A Multi-Cloud and Multi-Cluster Architecture with Kubernetes

14 min readSep 7, 2022

In recent years, there’s been much talk about multi-cloud and hybrid cloud. Multi-cloud and multi-cluster architectures can provide benefits such as high availability and multi-region zones. At the same time, both types of architectures can also reduce vendor dependency, which in turn offers a host of advantages, such as reduced costs, reduction in the need to store data with a single vendor, and the ability to take advantage of the best features each vendors has to offer, such as AI and GPU capabilities, without being locked in to one particular cloud vendor. The most discussed and implemented multi-cloud use case can be divided into these scenarios:

The first deals with sudden bursts of resource demands, which use multi-cloud setups as backup resource pools, as shown by the example in Figure 1. Daily operations of services are performed out of the user’s on-premises data center, or IDC. However, when there is a sudden burst to traffic, the service can be quickly expanded to clusters on a public cloud, such as Alibaba Cloud, to meet the demand of the traffic spike. This setup is generally suited for stateless services that are CPU- and memory-intensive, such as search, query, and computing services. These services can be quickly scaled to meet the burst in resource demand.

Figure 1. Burstable cloud resources with multi-cloud

The second scenario deals with disaster recovery, as shown in Figure 2. Usually, one cluster runs the main service and the other is used for periodic backup. Alternatively, one cluster is responsible for reading and writing, and the other backup clusters are read only. If there is a problem with the main cluster, the service can be quickly switched to the backup clusters to avoid service interruptions. This is suitable for storage services with large data volumes.

Figure 2. Disaster recovery with multi-cloud

The third is designed for the multi-site active-active scenario, as shown in Figure 3. This is similar to the proceeding scenario with the major difference being all clusters are read-write and data is synchronized in real time. This scenario is best suited for critical data such as global user credentials.

Figure 3. Multi-site active-active scenario

Multi-cloud does have its challenges, though. Among them, deploying applications across the whole setup and how to seamlessly switch between multi-cloud and hybrid cloud are the top two problems. Also, migrating traditional applications can be a daunting task as well.

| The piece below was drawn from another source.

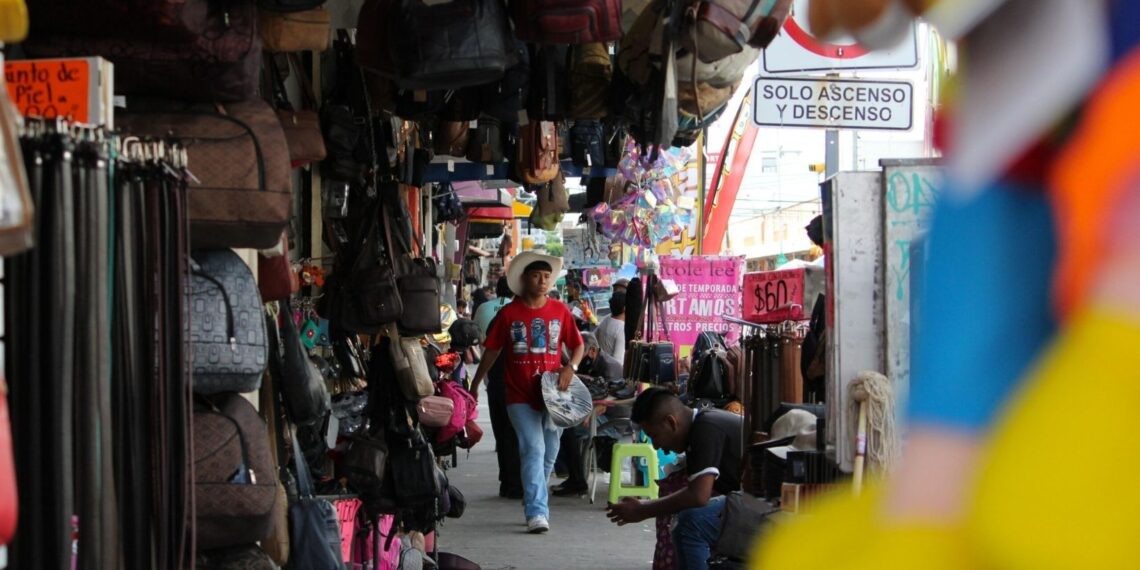 Ya no cabe ni un ambulante más en Zona Piel, dice representante tras reordenamiento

That is why a mature way to deliver and manage applications in a multi-cloud multi-cluster environment is essential.

Last Mile of Multi-Cloud and Hybrid Cloud

As early as 2013, established cloud computing vendors already started to talk about multi-cloud and considered it to be the next big thing.

However, the sad reality is that every cloud platform and every data center has its own set of APIs and design language. So, these so-called “multi-cloud” architectures are nothing more than cloud A and B thrown together with a complex access layer acting as the translator. These kinds of multi-clouds and hybrid clouds are known for their complex architecture. There is no better proof than the bewildering solution illustrations from various vendors, as shown by the example in Figure 4.

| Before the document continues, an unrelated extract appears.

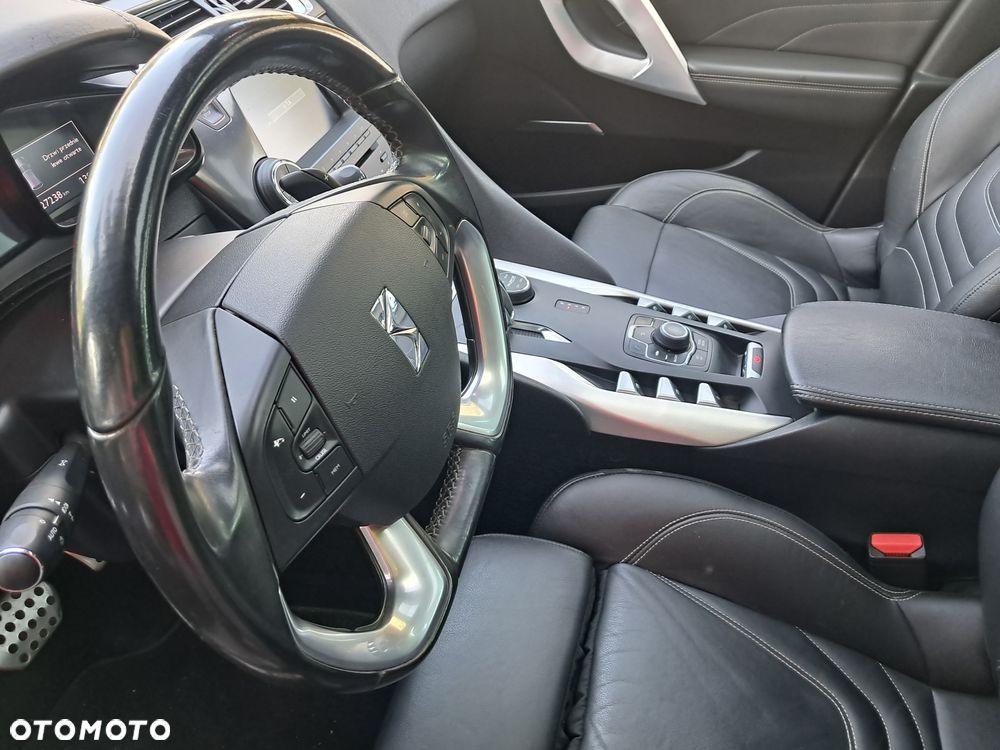 Citroën DS5 2.0 HDi Hybrid4 SoChic MCP - 24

Figure 4 Architecture of a traditional enterprise multi-cloud solution

These are multi-clouds or hybrid clouds in name only, which are actually just proprietary products from vendors. Different cloud platforms have different APIs and capabilities. Multi-cloud or hybrid cloud solutions built on these products are complex, confusing, and the majority of time money spent on these went into adapting and integrating different products. For users, the result is just another form of lock-in. Therefore, an ecosystem for multi-cloud was impossible and a widely accepted way to deliver and implement true multi-cloud never materialized.

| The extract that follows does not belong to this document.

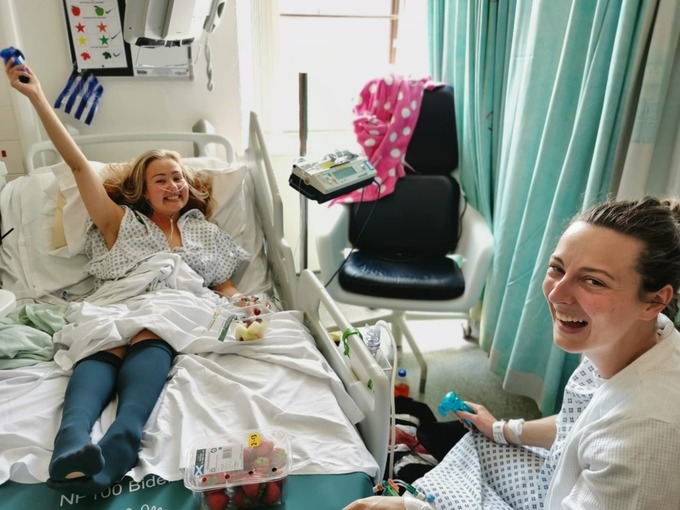 Helen Ashley y Lauren Franklin en el hospital después de una operación de trasplante de riñón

Kubernetes: Industry-Standard APIs for Data Centers Worldwide

Things changed for the better with the rapid popularization of the concept of cloud-native, with true multi-cloud has reached a critical juncture.

Since the Cloud Native Computing Foundation (CNCF) was founded in 2015, it has incubated dozens of projects, and attracted nearly 400 corporate members, over 63,000 contributors, and over 100,000 participants in the official CNCF activities. The number of projects that comply with Cloud Native standards under CNCF Landscape has reached thousands in number. The direct result of the rapid rise of Kubernetes and cloud-native technology is that Kubernetes is being used on the majority of public clouds, and nearly all technology firms and corporate end-users use Kubernetes to orchestrate and manage containerized applications in their data centers.

It is safe to say, Kubernetes is quickly becoming the de facto APIs for data centers worldwide.

Figure 5. Dawn of cloud-nativeness

With a standard API in place, multi-clouds and hybrid clouds are now able to show their true potential.

Kubernetes and its declarative container orchestration and management system have made application delivery increasingly standardized and completely decoupled from the underlying infrastructure. The implementation of cloud-native technology in public clouds and data centers makes it possible for applications to be “defined once and deployed everywhere”.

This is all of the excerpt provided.